PACS pave the way for greater political influence in Rural America

WASHINGTON, July 21, 2014 – Shortly after the U.S. House of Representatives defeated the farm bill on June 20, 2013, Rep. Justin Amash, along with hundreds of business leaders, government officials and staff, attended a $250-a-plate dinner hosted by the Competitive Enterprise Institute (CEI). The libertarian group, which espouses “free market” principles, made a James Bond spoof video called "Capitalism Never Dies,” and the group's president, Lawson Bader, sported a kilt in tribute to actor Sean Connery.

 
But before the elaborate Bond-themed dinner began, the emcee announced two other reasons to celebrate: CEI had just raised $1 million from sources like Google, Facebook, Koch, Altria and the Association of American Railroads. Plus, there was the political victory: the organization had helped defeat the farm bill - thanks in part to Amash and dozens of other House conservatives.

CEI aligned with conservative groups, such as Heritage Action, Taxpayers for Common Sense and the National Taxpayers Union, along with an eclectic mix of other organizations, including the National Black Farmers Association, U.S. PIRG, and Defenders of Wildlife and the Environmental Working Group, in order to bring down the farm bill.
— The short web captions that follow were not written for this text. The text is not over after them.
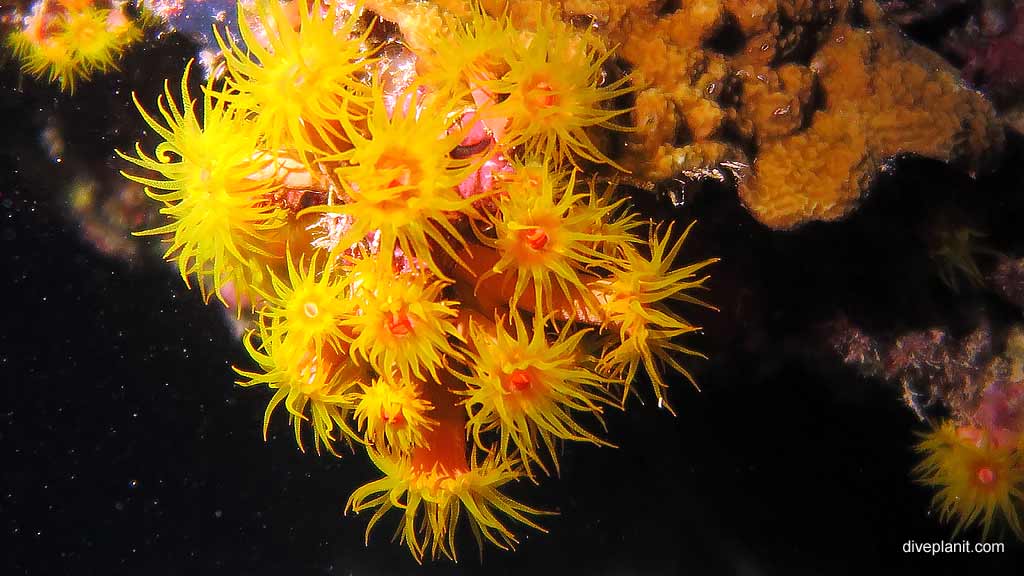 soft coral close up, Hardy Reef, Whitsundays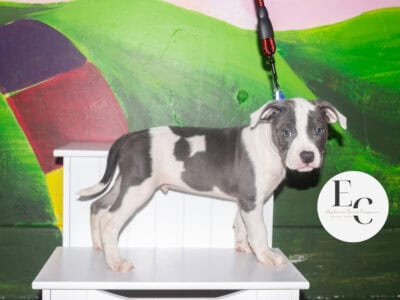 Pocket Bully Puppy for Adoption – Seven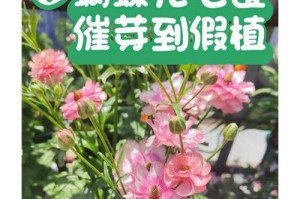 花毛茛花谢后的处理方法及注意事项（精心护理，延长花毛茛的寿命）
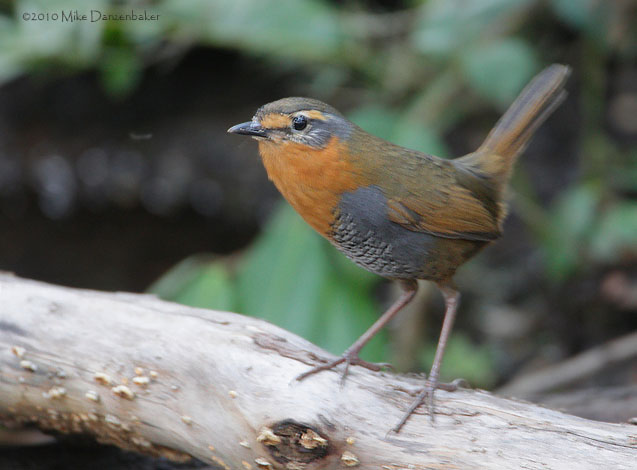 Chucao Tapaculo (Scelorchilus rubecula) photo
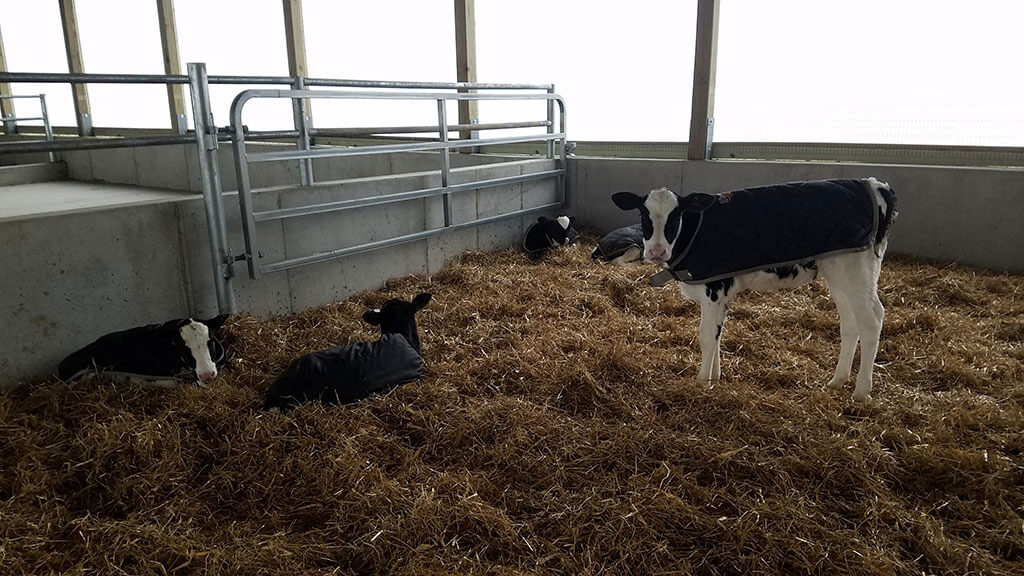 Whitman Calf Barn Project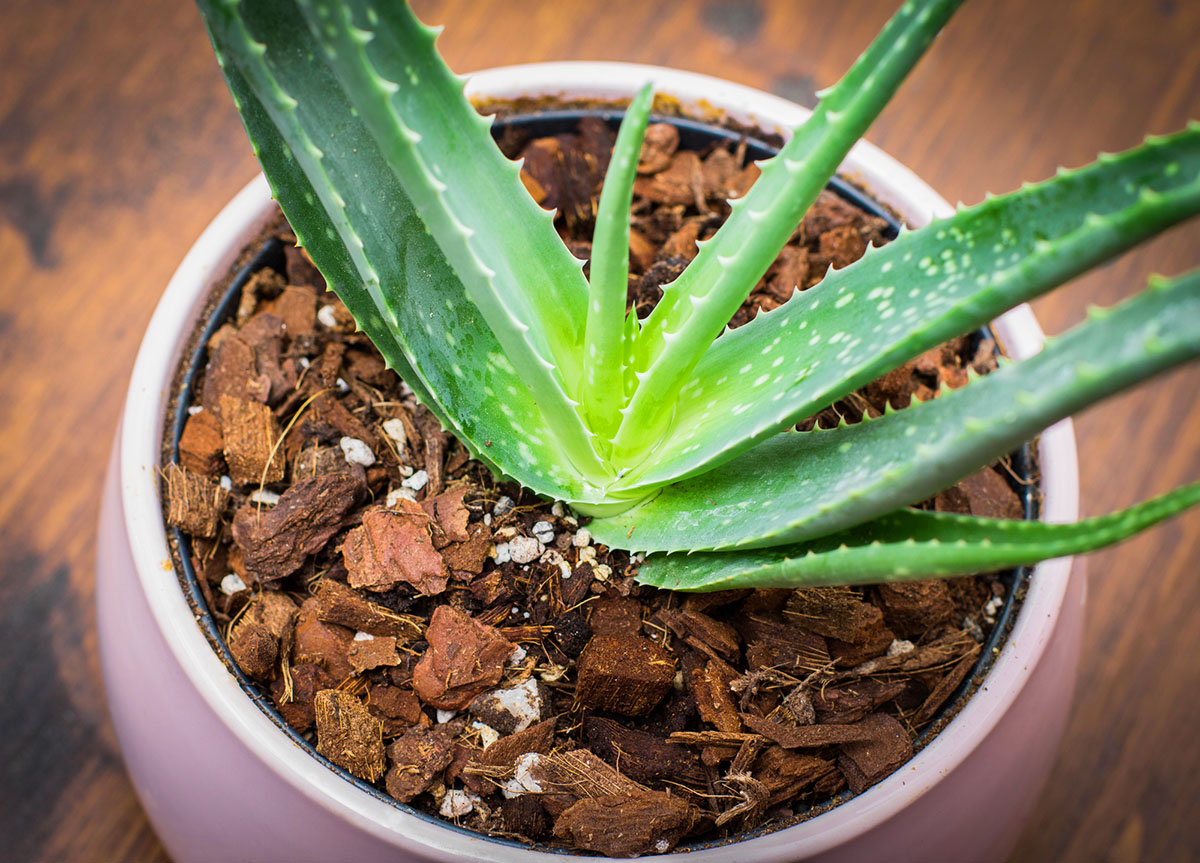 Les meilleurs pots pour les plantes d'aloès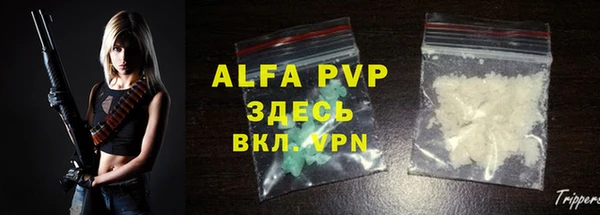 прущие крисы Ельня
Several of them expressed concerns about the largess of the bill, which was expected to cost about $956 million over the next 10 years, at a time when farmers were enjoying record farm incomes. The largest portion – almost 80 percent – would be spent on food stamps, or the Supplemental Nutrition Assistance Program (SNAP).

 

It was widely known that Rep. Amash had concerns about SNAP and supported splitting the “nutrition” portion of the bill away from the “farm” portion, while adding more work requirements for SNAP recipients. But he also opposed price supports and other farm programs  “because they damage the economy, harm consumers, and hurt the environment by encouraging more agricultural production than may be necessary,” he explained on his Facebook page.

Asked after the CEI dinner what it would take to win his support for the farm bill, the Michigan Republican told Agri-Pulse that he wasn’t sure, but the bill would have to be significantly rewritten before he could support it because of concerns over both crop insurance and SNAP.

That type of response didn’t sit well with the Michigan Farm Bureau, which had endorsed Amash in his most recent bid to represent the state’s 3rd Congressional District, a seat once held by President Gerald Ford. Amash, the son of a wealthy Palestinian immigrant, was part of the tea party wave of conservative House lawmakers first elected in 2010 with a focus on downsizing government. Since then, he’s become known as a member of the “No” caucus because of his resistance to compromise.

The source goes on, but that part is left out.